[Dataset excerpts]
= = = = =
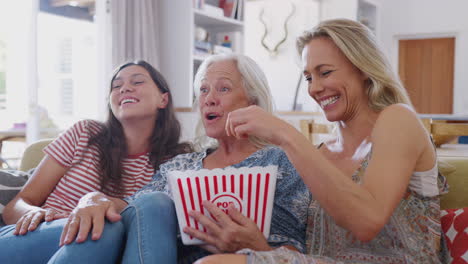 madre con hija adulta y nieta adolescente comiendo palomitas de maíz viendo una película en el sofá en casa
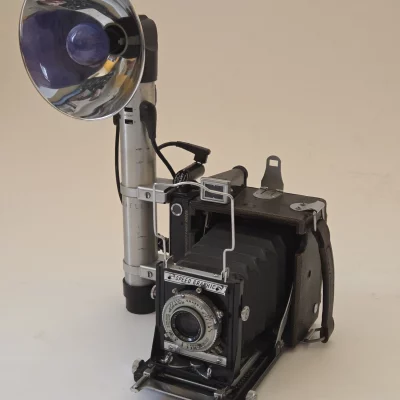 Vintage Graflex Speed Graphic 3x4-Zoll Kamera mit Ektar 4.5/101mm Objektiv und montiertem Reflektor-Blitz auf weißem Hintergrund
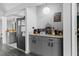Butler pantry featuring grey cabinets, stainless steel appliances, and stone countertops at 4621 Musket Dr, Lakeland, FL 33810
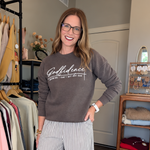 A woman wearing a brown crewneck sweatshirt with Godfidence printed on the front and striped wide-leg pants, standing in a room with clothing racks and a wooden floor.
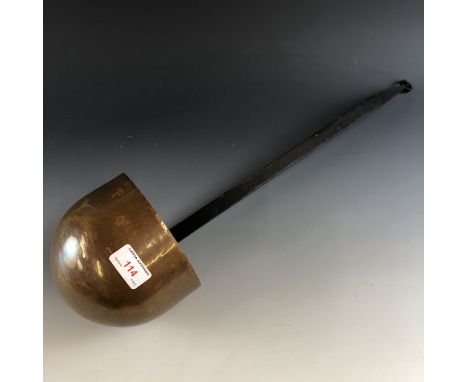 A large copper ladle, 60 cm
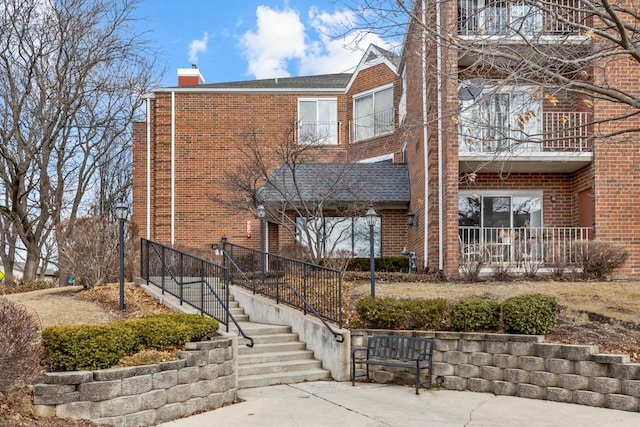 exterior space featuring brick siding, a chimney, and a balcony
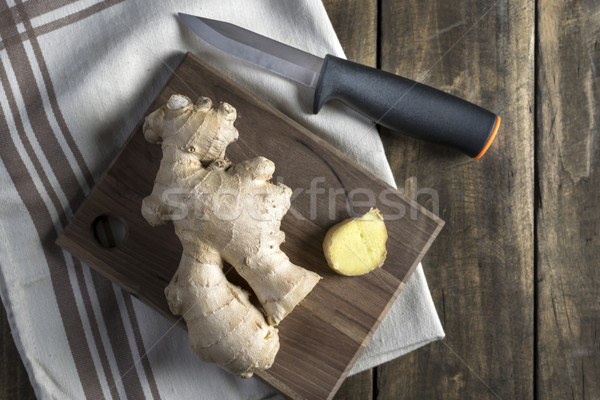 Fresh ginger root on a cutting board Stock photo © nessokv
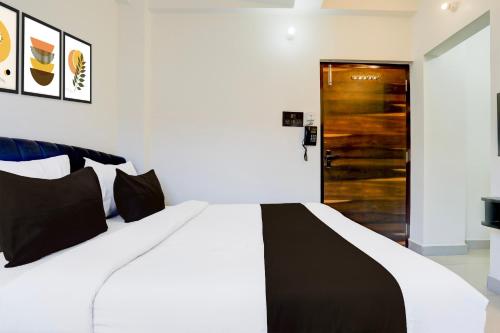 a bedroom with a white bed and a wooden door at Hotel O AAGAMAN HOTEL & RESTAURANT in Begusarai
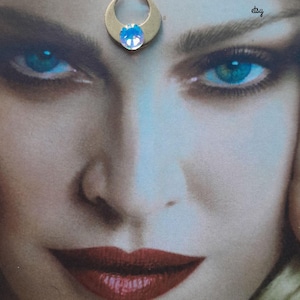 May include: A gold-toned crescent moon bindi featuring a central iridescent crystal. The accessory is displayed on a printed image of a face with blue eyes and red lips. Text on the image reads Wildbohemianrose etsy and Always purchase where you see my name on photo.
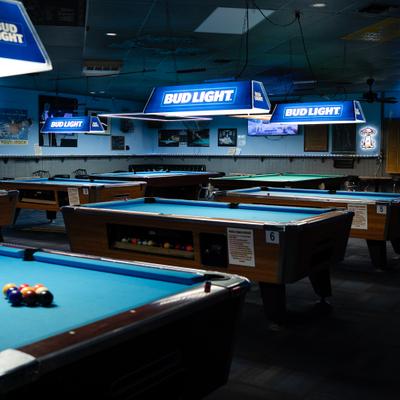 Interior featuring multiple pool tables and branded lighting fixtures.
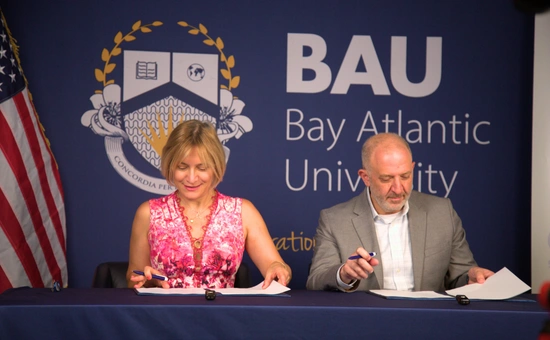 Two people sign documents at Bay Atlantic University with a logo backdrop.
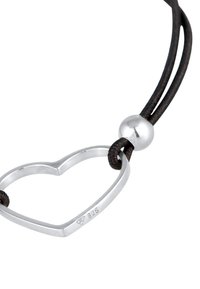 Hjärtpendig i sterlingsilver på ett svart läderband, med en polerad yta och en rund silverpärla som accent.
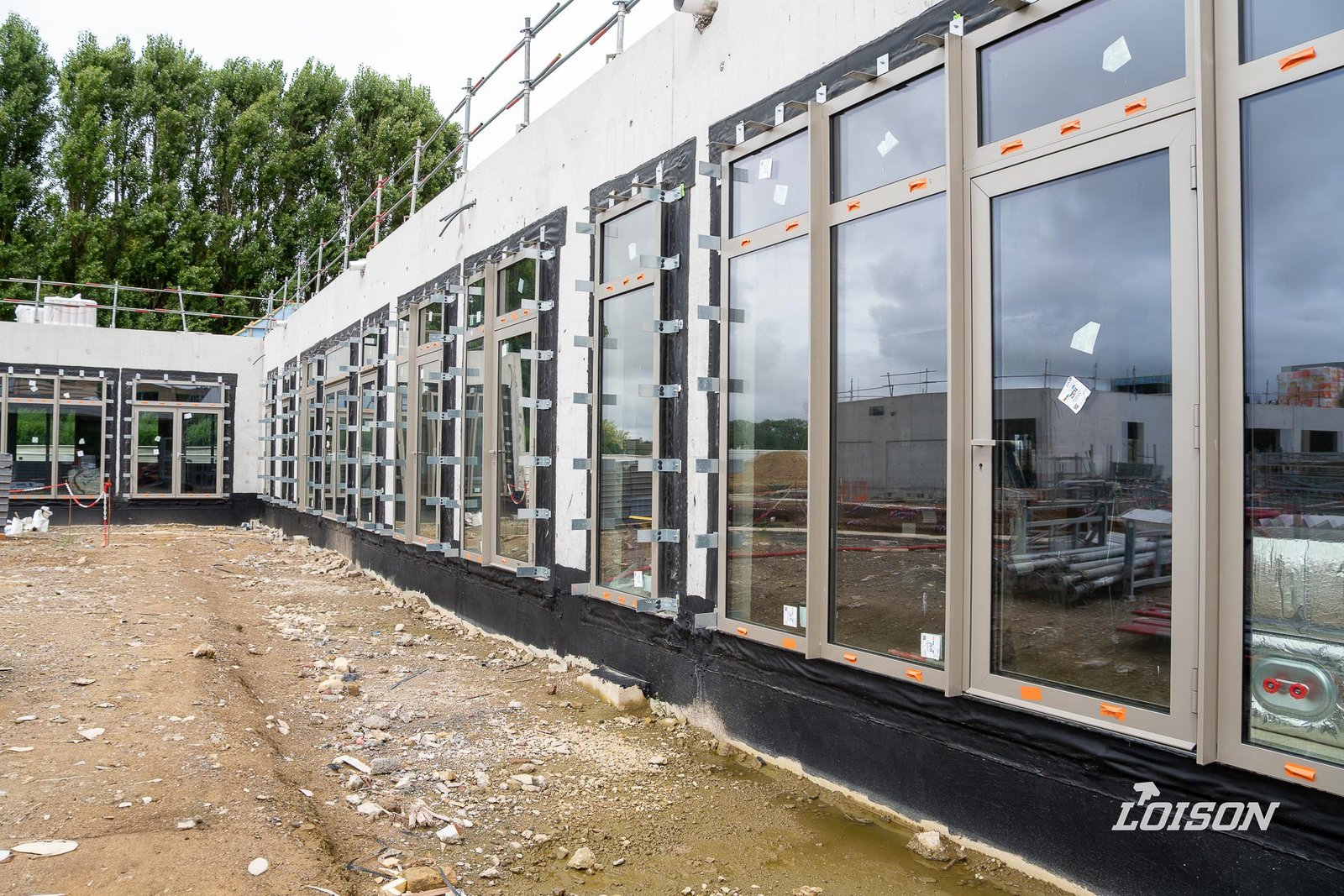 Collège Fernande Benoist - Hazebrouck Enfilade de menuiseries aluminium posées côté cour, avec leurs membranes d'étanchéité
= = = = =
Set out, exactly as given, the line that contains "Two people sign" along with each line after it through the end of the records above; omit the pictures.

 Two people sign documents at Bay Atlantic University with a logo backdrop.
 Hjärtpendig i sterlingsilver på ett svart läderband, med en polerad yta och en rund silverpärla som accent.
 Collège Fernande Benoist - Hazebrouck Enfilade de menuiseries aluminium posées côté cour, avec leurs membranes d'étanchéité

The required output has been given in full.